Test Reference: Part 3: 4.6 "Logic Verification", 5.2 "Functional Testing"

DISCUSSION

"Include" simply means that the final totals must reflect them. It does not entail separate totals for the different kinds of votes.

 

2 Comments

Comment by George Gilbert (Local Election Official)

7.8.3.3-E—The distinction between "in-person" votes and "absentee" votes is not reflective of the practices among the states. Many states classify all early votes, whether in-person or by-mail as "absentee" votes, eg. North Carolina. This, in the proposed VVSG definitions, produces significant overlap in the definitions for these terms.

Comment by Premier Election Solutions (Manufacturer)

 
7.8.3.3-F Include absentee votes

Systems conforming to the absentee voting class SHALL include all votes from absentee ballots in the consolidated reports.

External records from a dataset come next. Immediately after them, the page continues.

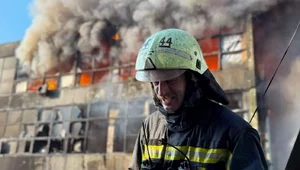 Miniatura: Rosja zaatakowała Kijów rakietami...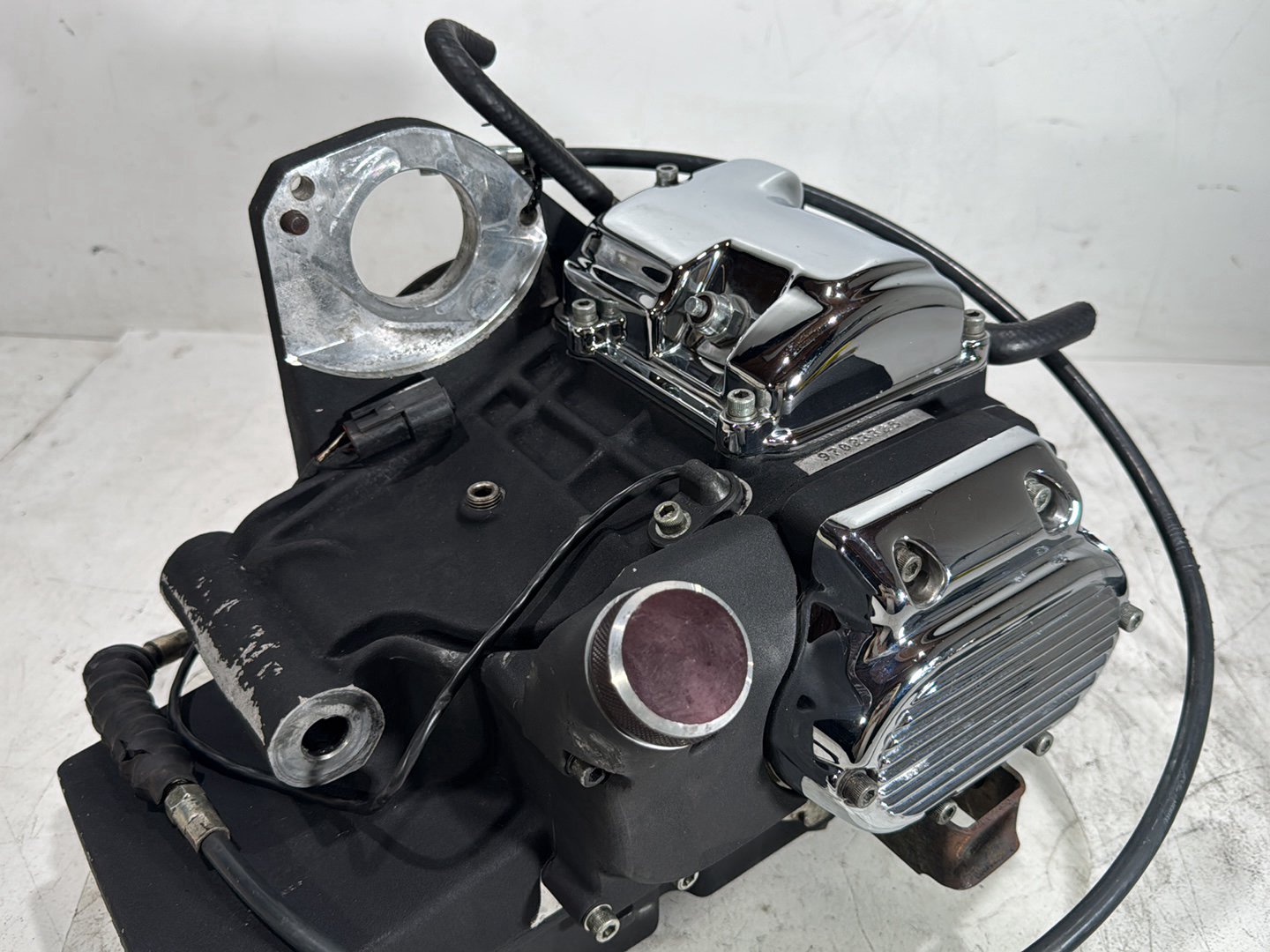 1997 Harley Road King Touring Police 5 Speed Transmission Gearbox 44K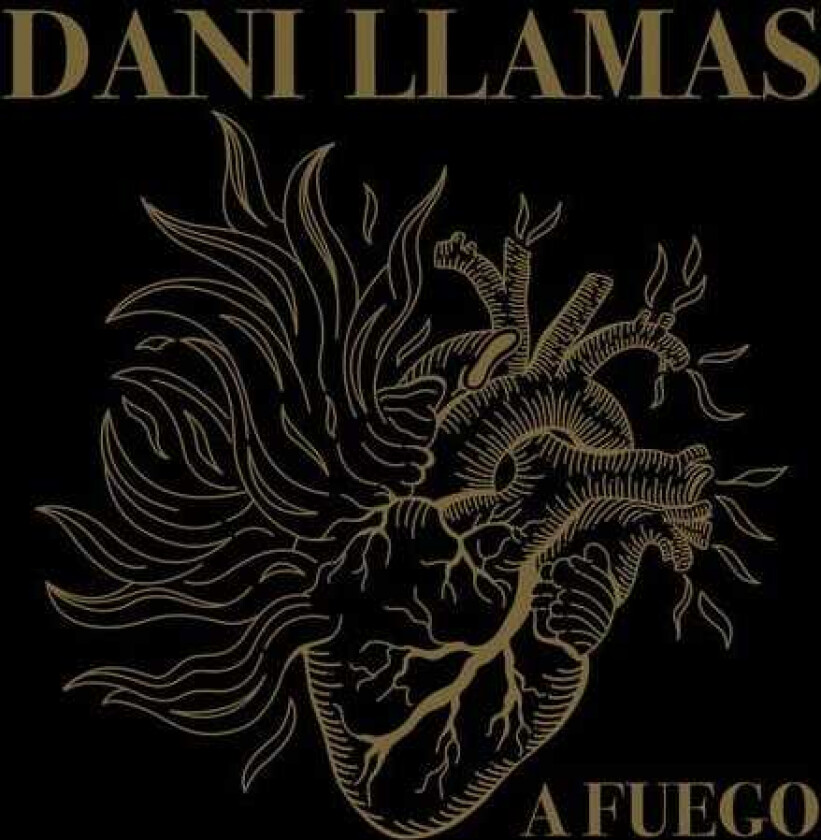 Dani Llamas A Fuego LP/Vinyl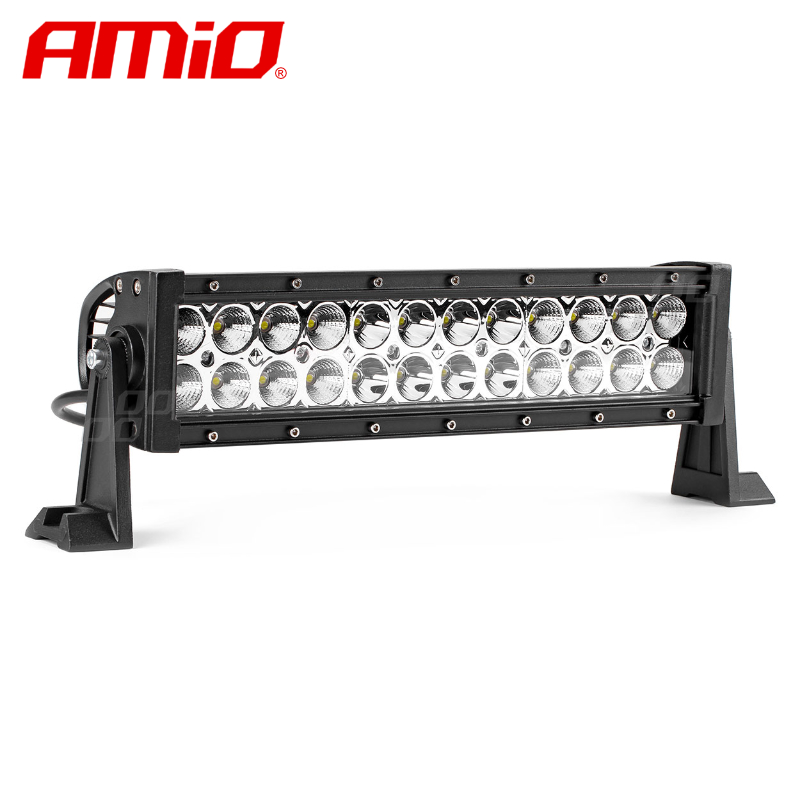LIGHT BAR AMIO AM-02437 9-36V 24 LED COMBO (A...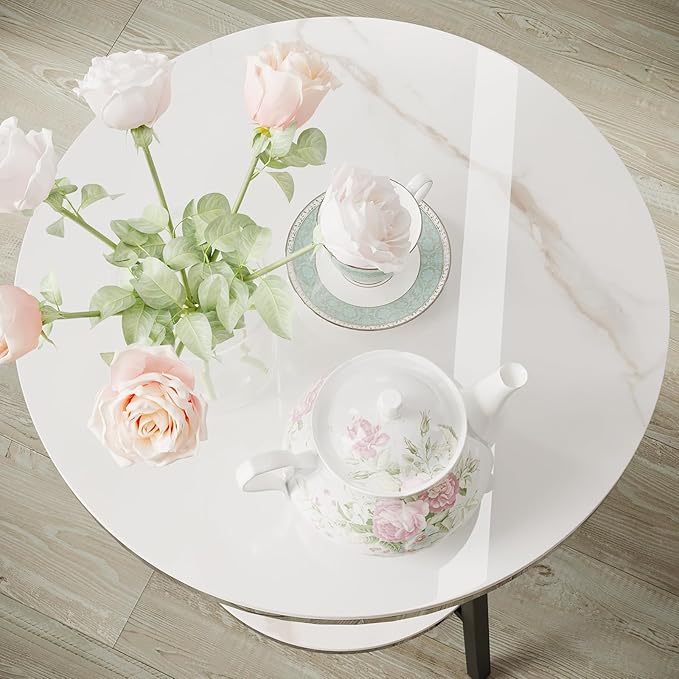 Side Table - Sintered Stone End Couch Table - Waterproof - Image 6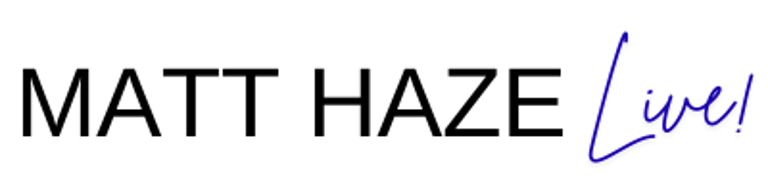 Matt Haze Live logo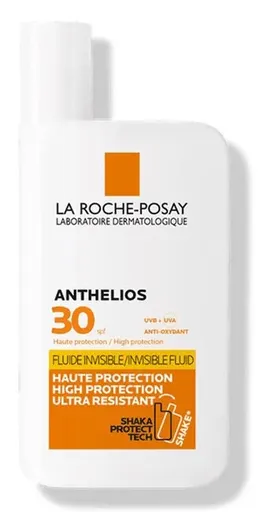 La Roche Posay Fluid invizibil de protecție solară SPF 30 Anthelios (Invisible Fluid) 50 ml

Applies To: Absentee voting

Test Reference: Part 3: 4.6 "Logic Verification", 5.2 "Functional Testing"

DISCUSSION

"Include" simply means that the final totals must reflect them. It does not entail separate totals for the different kinds of votes.

 
7.8.3.3-G Include write-in votes

Systems conforming to the write-ins class SHALL include all write-in votes in the consolidated reports.

Applies To: Write-ins

Test Reference: Part 3: 4.6 "Logic Verification", 5.2 "Functional Testing"

DISCUSSION

"Include" simply means that the final totals must reflect them. It does not entail separate totals for the different kinds of votes.

 
7.8.3.3-H Include accepted provisional-challenged votes

Systems conforming to the provisional-challenged ballots class SHALL include all votes from accepted provisional/challenged ballots in the consolidated reports.

Applies To: Provisional-challenged ballots

Test Reference: Part 3: 4.6 "Logic Verification", 5.2 "Functional Testing"

DISCUSSION

"Include" simply means that the final totals must reflect them. It does not entail separate totals for the different kinds of votes. See also Requirement Part 1: 7.7.2-A.4, Requirement Part 1: 7.8.3.2-B.3 and Requirement Part 1: 7.8.3.2-C.2.

7.8.3.3-I Include accepted reviewed votes

Systems conforming to the review-required ballots class SHALL include all votes from accepted reviewed ballots in the consolidated reports.

Applies To: Review-required ballots

Test Reference: Part 3: 4.6 "Logic Verification", 5.2 "Functional Testing"

DISCUSSION

"Include" simply means that the final totals must reflect them. It does not entail separate totals for the different kinds of votes.

  

7.8.4 Procedures required for correct system functioning

The requirements for voting systems are written assuming that these procedures will be followed.

Ballot accounting: All precincts must account for all ballots pursuant to the current best practices for ballot accounting.

Label unofficial reports: Any unofficial reports must be clearly labeled as unofficial. ([VSS2002] I.2.5.4.c, converted to procedural requirement.)